「研究最前線 その1 — 副作用のない抗がん剤を目指して —」
中瀬朋夏
ヒトの体は60兆個もの細胞から成り立ちますが、そのすべての細胞は、とても薄い膜で覆われ、細胞の中と外を分けています。薄い膜なら何でも通しそうですが、限られた物質しか通過できず、物質の出入りは厳しく管理されています。つまり、薬を飲んだら、何でも細胞に到達し、細胞内に入るというわけにはいかないのです。ですから、薬の開発においては、この膜を効率よく通過できる薬を創ることが重要です。特にがんを治したい場合、抗がん剤をがん細胞にだけ通過させたいわけですが、細胞の膜の通過効率が良い抗がん剤は、がんをやっつける一方で、薬ががん細胞だけではなく正常な細胞をも通過してしまうために副作用が出てしまうということが起きてしまいます。
そこで、細胞の膜が持つ、トランスポーターという特定の物質だけを運ぶ輸送屋が注目されています。トランスポーターは、細胞の機能を調節するために、必要なもの(栄養素や微量元素)を選んで取り込む役目を担っています。この優れもののトランスポーターには、様々な種類があって、それぞれ輸送する物質が決まっていますが、最近、正常な細胞とがん細胞では、持っているトランスポーターの種類が異なることが分かってきました。がん細胞だけが持っているトランスポーターを見つけて、そのトランスポーターが運んでくれる薬あるいはトランスポーターを壊す薬を創れば、副作用のない抗がん剤ができます。

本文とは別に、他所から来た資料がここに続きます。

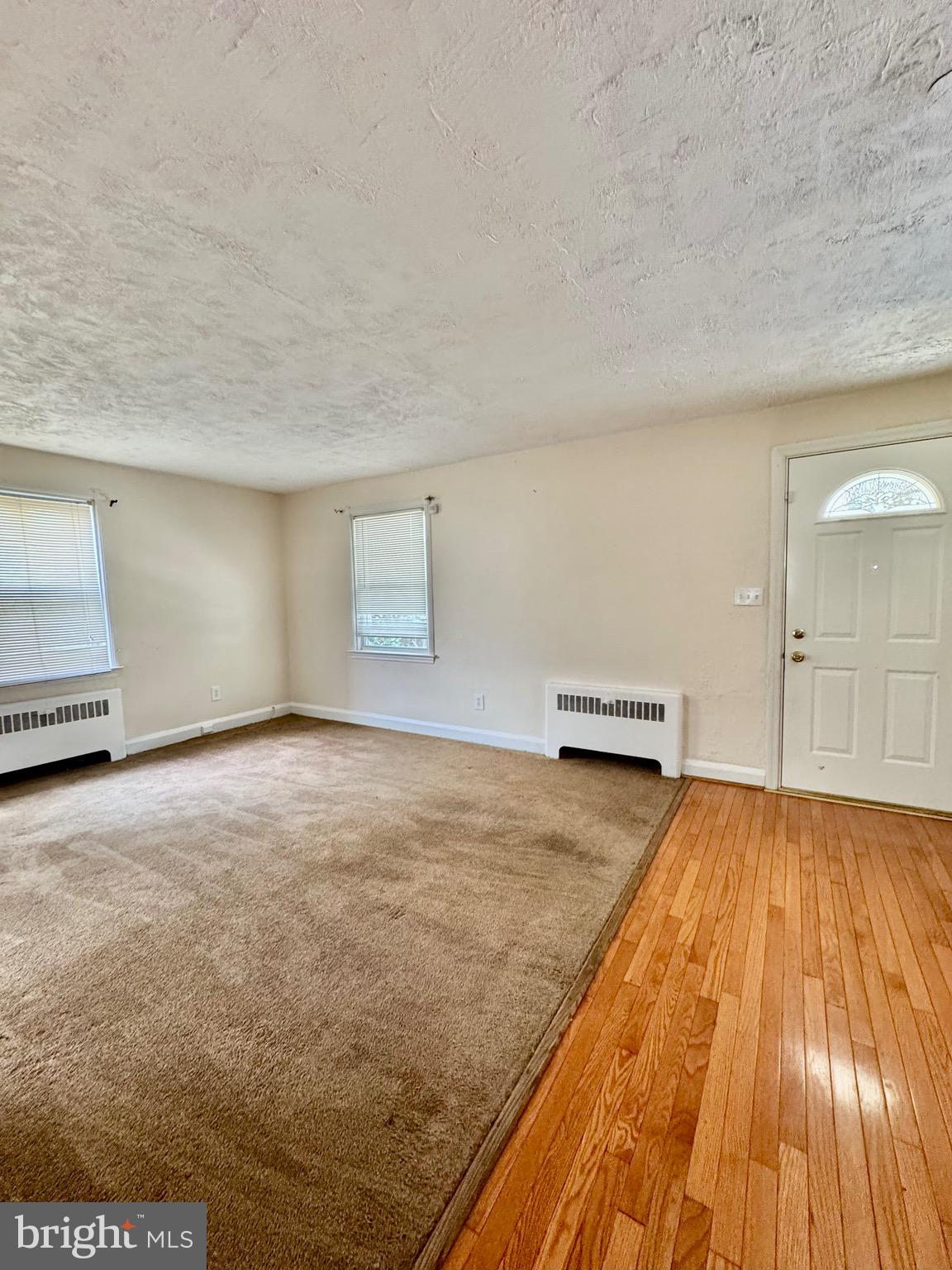 3913 Loch Raven Boulevard Baltimore, MD 21218 - Photo 6 of 38 a view of empty room with wooden floor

しかし、がん細胞は、抗がん剤のような異物は排出してしまう巧みなトランスポーターも持ち合わせており、この排出システムを回避できる技をも持つ抗がん剤を創る必要があります。
トランスポーターを指標としてがん細胞だけを通過し、かつ、排出トランスポーターに捕まらないようなトランスポーターをキーとする薬の開発は、がん治療に革新をもたらす可能性を秘めています。がん細胞ではどんなトランスポーターが働き、どのような薬が効くか、がんの仕組みを解明し、新たな治療法開発のために、日夜、研究は続きます。